Not only is it a ridiculous thing to say (because how do they know that? Unless they’ve had to actually consider it at some point, they have no idea what they’d do in that situation) but it’s also flat-out mean! It implies that there is something wrong with birth parents, as though good people are simply incapable of making adoption plans.
That’s ridiculous! As Jill’s friend Tamra once said, “If I’d loved my baby just an ounce less, I would have kept her. I placed her because I love her.” When a birth parent chooses adoption, they put themselves through one of the most difficult emotional, spiritual, and physical ordeals a person can endure, usually because they feel it is what’s right for their child. How could a person’s willingness to experience a deep and profound loss in order to ensure their child’s well-being possibly be selfish?

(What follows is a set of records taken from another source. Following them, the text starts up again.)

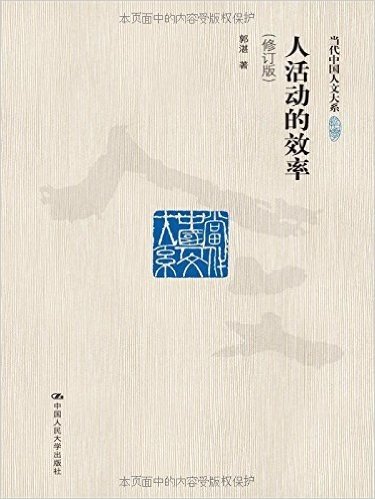 当代中国人文大系:人活动的效率(修订版)
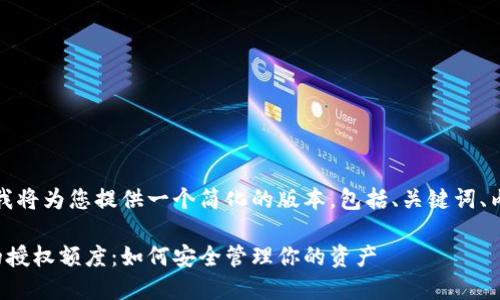 由于请求内容过长,我将为您提供一个简化的版本,包括、关键词、内容概览和问题列表。
探讨加密货币钱包的授权额度:如何安全管理你的资产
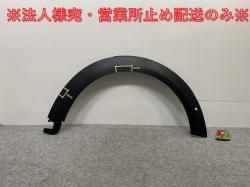 !ߥ F55/F56/F57   ե ե⡼/Сե 5177 7 300 820  MINI(142364)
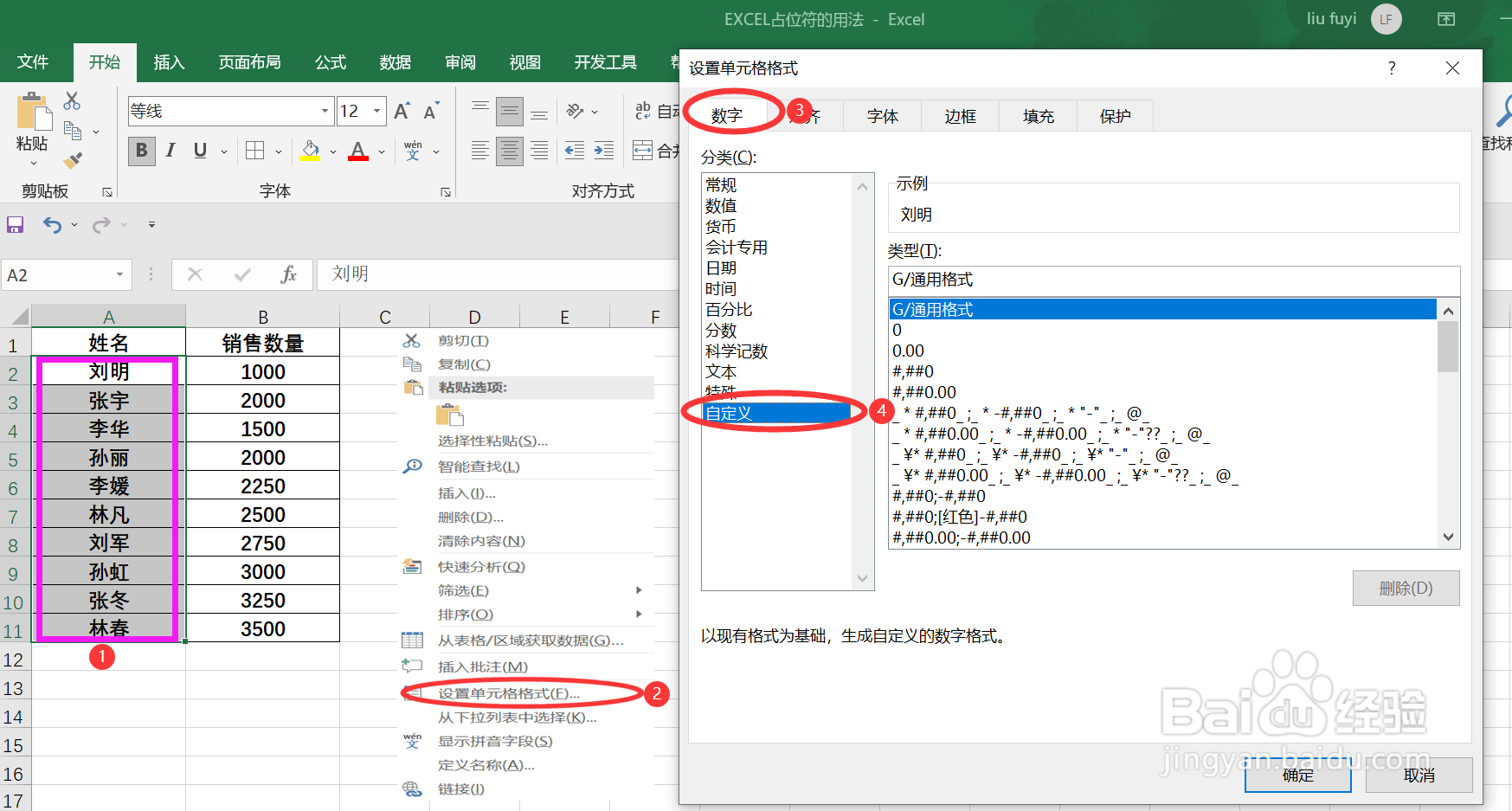 EXCEL占位符的用法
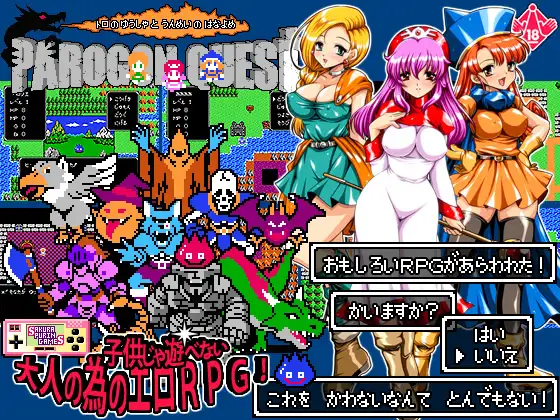 サンプル1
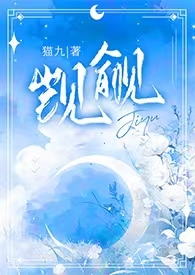 觊觎1v2小说资源
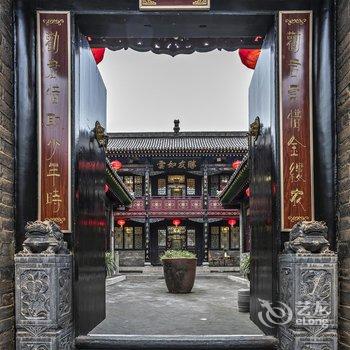 平遥洪善驿君澜别院酒店提供图片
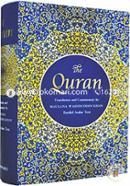 Quran Commentary image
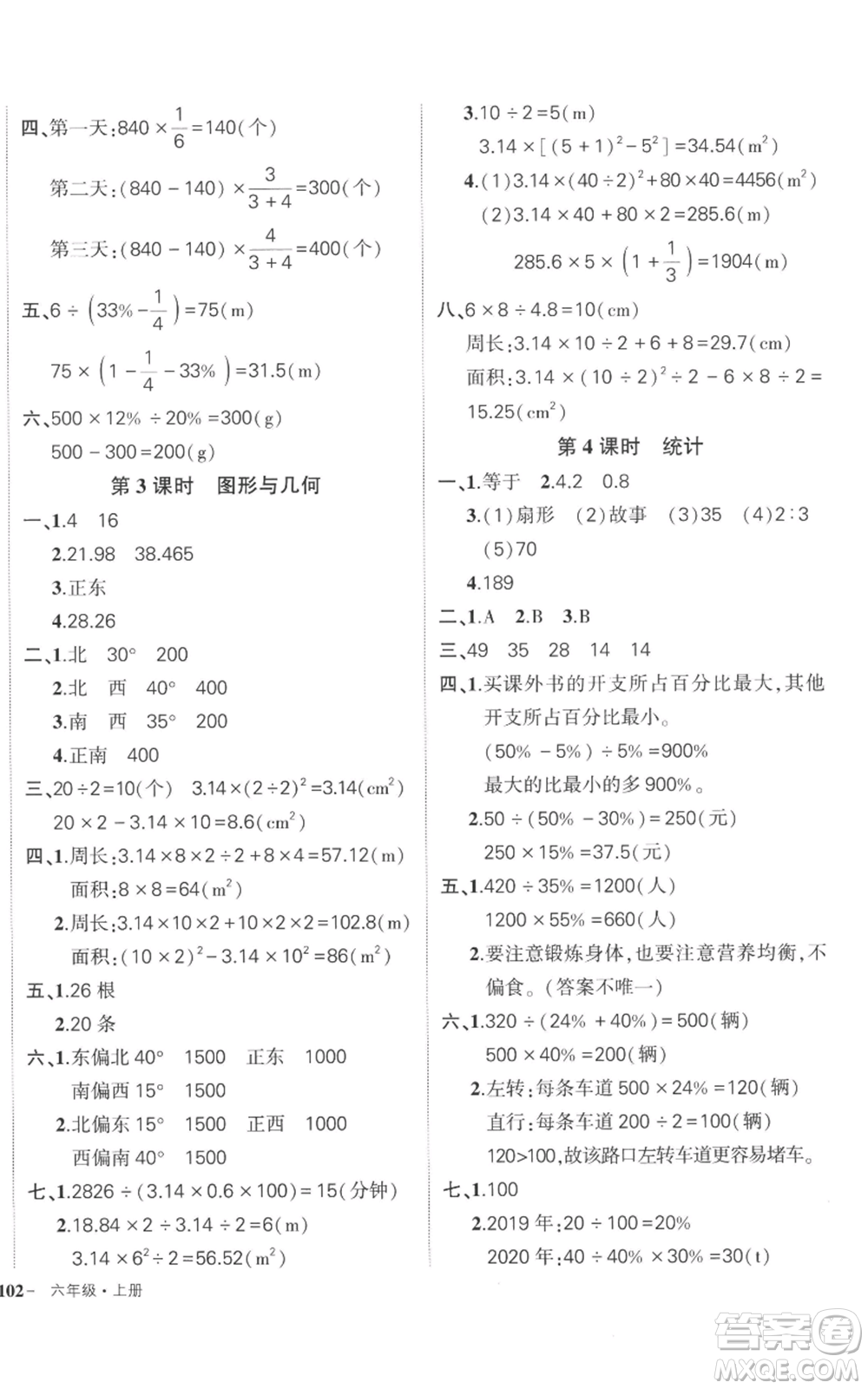 吉林教育出版社2022秋季狀元成才路創(chuàng)優(yōu)作業(yè)100分六年級上冊數(shù)學人教版廣東專版參考答案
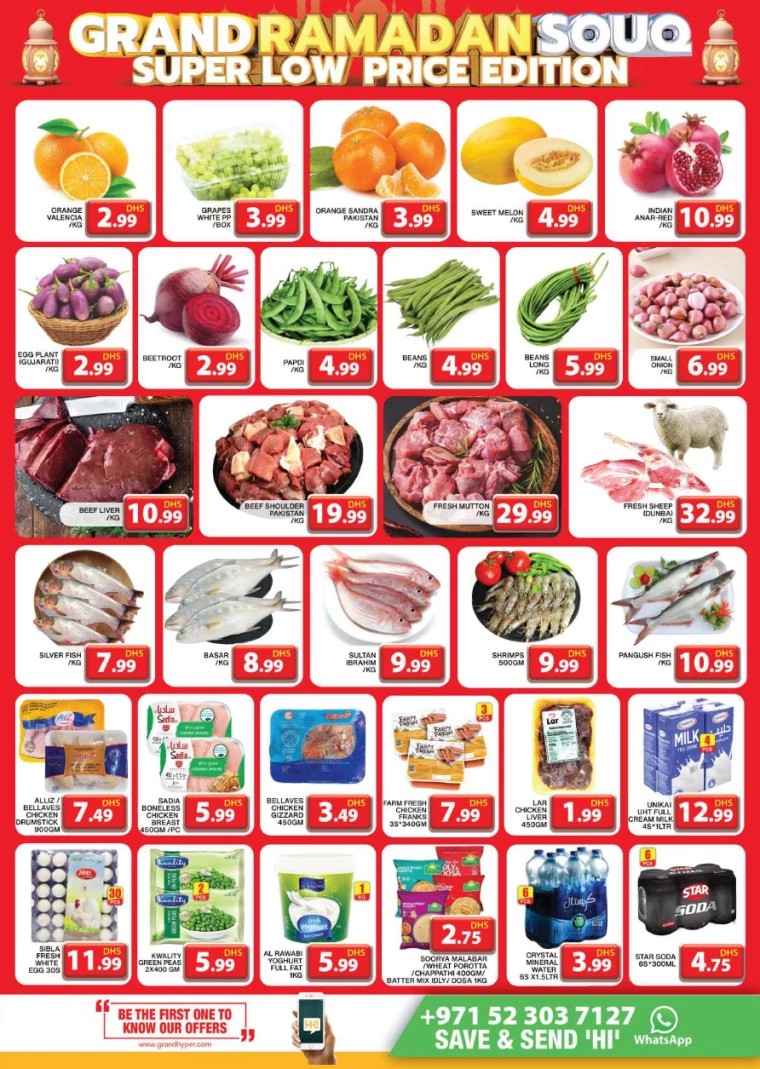 Grand-Hypermarket-Discounts-Jebel-Ali&Mini-Jebel-Ali-March-6-2025-1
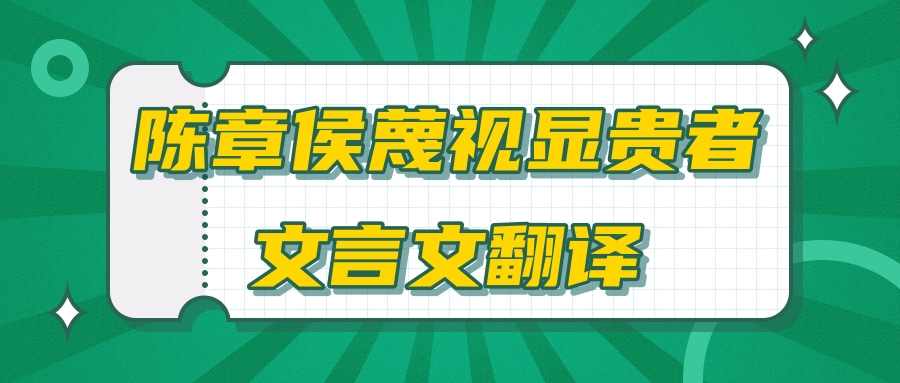 陈章侯蔑视显贵者文言文翻译(陈章侯蔑视显贵者文言文翻译答案)_1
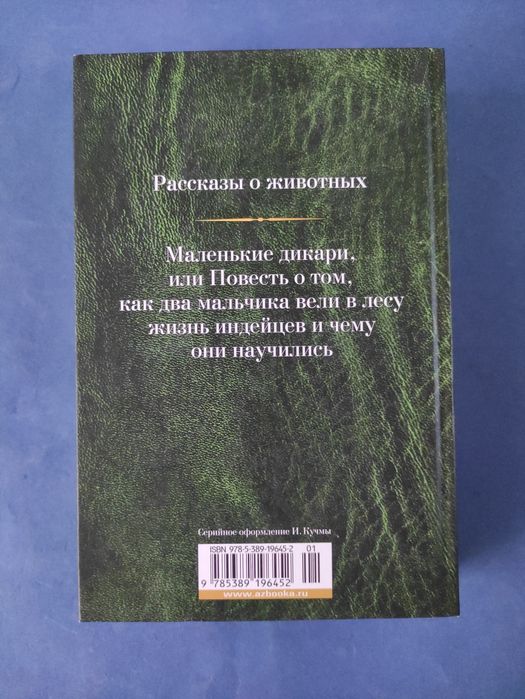 Эрнест Сетон Томпсон Малое собрание сочинений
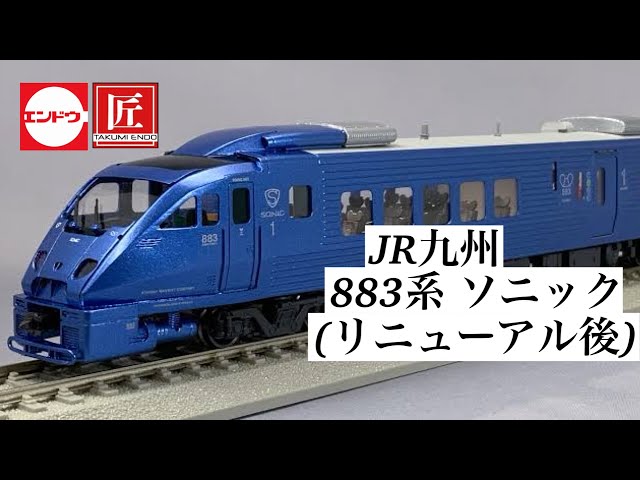 エンドウ HOゲージ 匠シリーズ JR九州 883系 ソニック リニューアル後
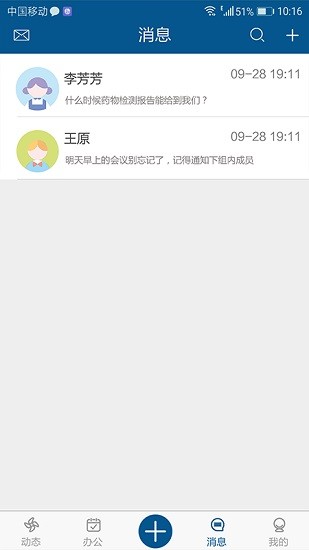 康蒂尼Cullgen v2.3.0 安卓版2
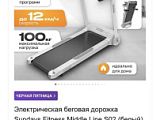 Беговая дорожка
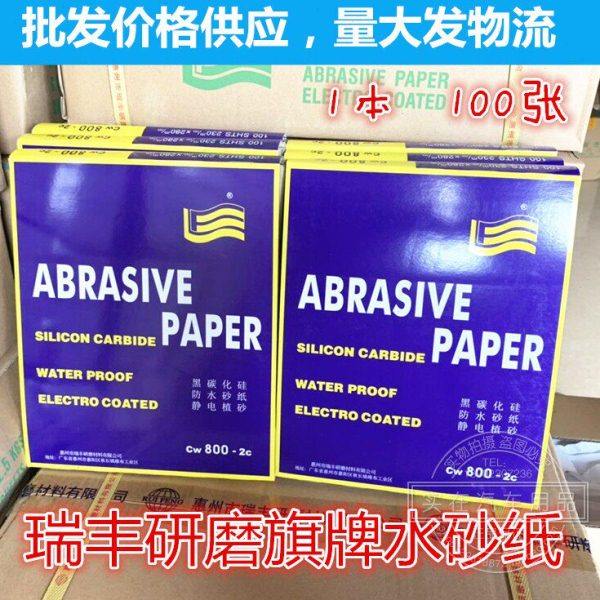 利丰旗牌水砂纸汽车漆原子灰木工抛光打磨文玩砂纸瑞丰鹰牌金太阳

Adoption isn’t for everyone, and there is nothing wrong with someone deciding they cannot place their child for adoption. But as a birth parent, you know that making an adoption plan is sometimes the most unselfish, loving choice a parent can make for their child. So the next time someone declares to you that they “could never give up” their baby, remind yourself what it means that you did choose adoption for your child. Remember the reasons why you made your decision. Because at the end of the day, no one really knows what they’d have done in your shoes, and no pregnancy decision is selfish if it feels right to the person making it.